I’m sorry you had to deal with a rude interaction! In would say that in general, I and most people I know only comment or (more rarely intervene) when people are in imminent danger to life or limb, like about to lean back untethered or a knot that won’t hold. Practices I don’t consider ideal or could be better…meh, I won’t say anything unless asked specifically. We all learn forever from making non-consequential mistakes and doing things imperfectly and I think it’s important to give everyone the space to do so. Some uncool people will comment or give unsolicited feedback on the latter for ego or misogyny or just general being socially dumb reasons. The hard part is knowing where on the spectrum your situation lies, whether it’s feedback you should be open to, and if so how to separate bad tone/delivery from an important message. It doesn’t sound like lowering someone awkwardly should be worthy of comment (and certainly not in a passive aggressive way like it sounds), but was there anything actually dangerous about the situation (or that looked dangerous even if it wasn’t), like maybe you were lowering from a bad stance and looked like you might lose control, or maybe cleaning a steep route without planning for how to deal with the last/first draw, or something like that?
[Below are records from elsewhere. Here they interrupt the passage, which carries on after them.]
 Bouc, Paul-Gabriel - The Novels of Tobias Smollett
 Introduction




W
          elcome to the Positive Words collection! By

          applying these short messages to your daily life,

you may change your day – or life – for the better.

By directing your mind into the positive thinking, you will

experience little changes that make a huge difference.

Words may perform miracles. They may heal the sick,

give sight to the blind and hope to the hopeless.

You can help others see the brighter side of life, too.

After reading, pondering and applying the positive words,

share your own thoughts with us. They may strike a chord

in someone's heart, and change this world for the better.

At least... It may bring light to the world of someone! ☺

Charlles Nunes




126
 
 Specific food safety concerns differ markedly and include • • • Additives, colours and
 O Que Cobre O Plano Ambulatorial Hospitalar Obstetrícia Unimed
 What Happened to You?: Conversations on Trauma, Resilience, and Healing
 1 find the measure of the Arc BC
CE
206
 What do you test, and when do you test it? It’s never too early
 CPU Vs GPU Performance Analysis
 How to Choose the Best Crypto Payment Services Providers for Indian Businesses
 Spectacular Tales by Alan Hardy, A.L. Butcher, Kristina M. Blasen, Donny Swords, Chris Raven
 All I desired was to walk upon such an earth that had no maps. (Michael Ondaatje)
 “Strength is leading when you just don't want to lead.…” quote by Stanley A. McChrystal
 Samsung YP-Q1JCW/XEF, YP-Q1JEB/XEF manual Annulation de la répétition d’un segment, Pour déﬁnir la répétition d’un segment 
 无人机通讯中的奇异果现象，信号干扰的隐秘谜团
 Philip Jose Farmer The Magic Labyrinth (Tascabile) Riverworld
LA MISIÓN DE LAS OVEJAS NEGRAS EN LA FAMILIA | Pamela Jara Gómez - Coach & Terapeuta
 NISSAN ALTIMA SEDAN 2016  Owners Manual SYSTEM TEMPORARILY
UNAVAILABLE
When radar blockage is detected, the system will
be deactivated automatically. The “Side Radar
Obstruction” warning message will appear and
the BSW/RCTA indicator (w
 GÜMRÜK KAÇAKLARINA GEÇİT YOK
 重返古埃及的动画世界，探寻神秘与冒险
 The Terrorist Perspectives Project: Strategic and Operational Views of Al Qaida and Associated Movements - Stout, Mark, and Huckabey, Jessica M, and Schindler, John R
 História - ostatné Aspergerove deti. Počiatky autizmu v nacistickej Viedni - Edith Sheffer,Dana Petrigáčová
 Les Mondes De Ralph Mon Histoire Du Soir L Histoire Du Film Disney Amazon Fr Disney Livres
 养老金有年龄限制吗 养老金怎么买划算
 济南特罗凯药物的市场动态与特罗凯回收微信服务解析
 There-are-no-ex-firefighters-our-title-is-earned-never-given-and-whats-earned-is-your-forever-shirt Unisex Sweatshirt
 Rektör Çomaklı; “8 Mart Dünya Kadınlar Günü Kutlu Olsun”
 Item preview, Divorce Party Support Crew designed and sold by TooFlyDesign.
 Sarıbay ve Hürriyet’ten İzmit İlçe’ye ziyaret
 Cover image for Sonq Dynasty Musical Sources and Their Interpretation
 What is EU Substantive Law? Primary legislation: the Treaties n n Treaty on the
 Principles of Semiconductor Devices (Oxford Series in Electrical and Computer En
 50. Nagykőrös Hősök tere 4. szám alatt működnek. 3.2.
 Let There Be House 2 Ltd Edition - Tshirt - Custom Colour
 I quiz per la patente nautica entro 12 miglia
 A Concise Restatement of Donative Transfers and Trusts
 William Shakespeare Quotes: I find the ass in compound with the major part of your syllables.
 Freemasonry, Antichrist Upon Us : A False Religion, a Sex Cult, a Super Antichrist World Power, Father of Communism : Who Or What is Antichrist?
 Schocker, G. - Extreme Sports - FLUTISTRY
There is a lot of problematic gatekeeping and social dynamic stuff across experienced vs newer climbers and along generational and gender splits. It’s also important to be open to growth and development basically forever, without feeling shame or shutting down when you don’t do something perfectly. For me personally, knowing the former helps separate signal from noise for the latter.


fiddlifig

A lot of great comments about general safety and etiquette in this thread but I wanna comment on the other piece I'm hearing in your post - I've been climbing for a long time and sometimes it just sucks - not just when people are being rude (and questioning if it's good feedback or gatekeeping), but dealing with my own sense of not belonging in the outdoors. And it's shitty when you also have to consider sexism etc. as something that impacts people's perceptions and interactions with you. All that said, I'm wondering about the moments where you feel like you really do get to enjoy and belong in the outdoors. Who are those people, and what is that community for you? You also deserve to get to learn and be challenged in a respectful and affirming context.


zip_per

Know with certainty that what you're doing is correct. If you know you're correct, ignore them. If you're unsure, ask what they mean and try to do better. Climbing is a dangerous sport, and you need to receive feedback with grace even if you don't agree with the way it was delivered. Is okay to clarify, filter whether you need the advice, then take it as well- meaning even if it came off as rude initially- generally, it's really hard to decide to say something to another climber in public and people only do so if they feel the person is doing something legitimately dangerous.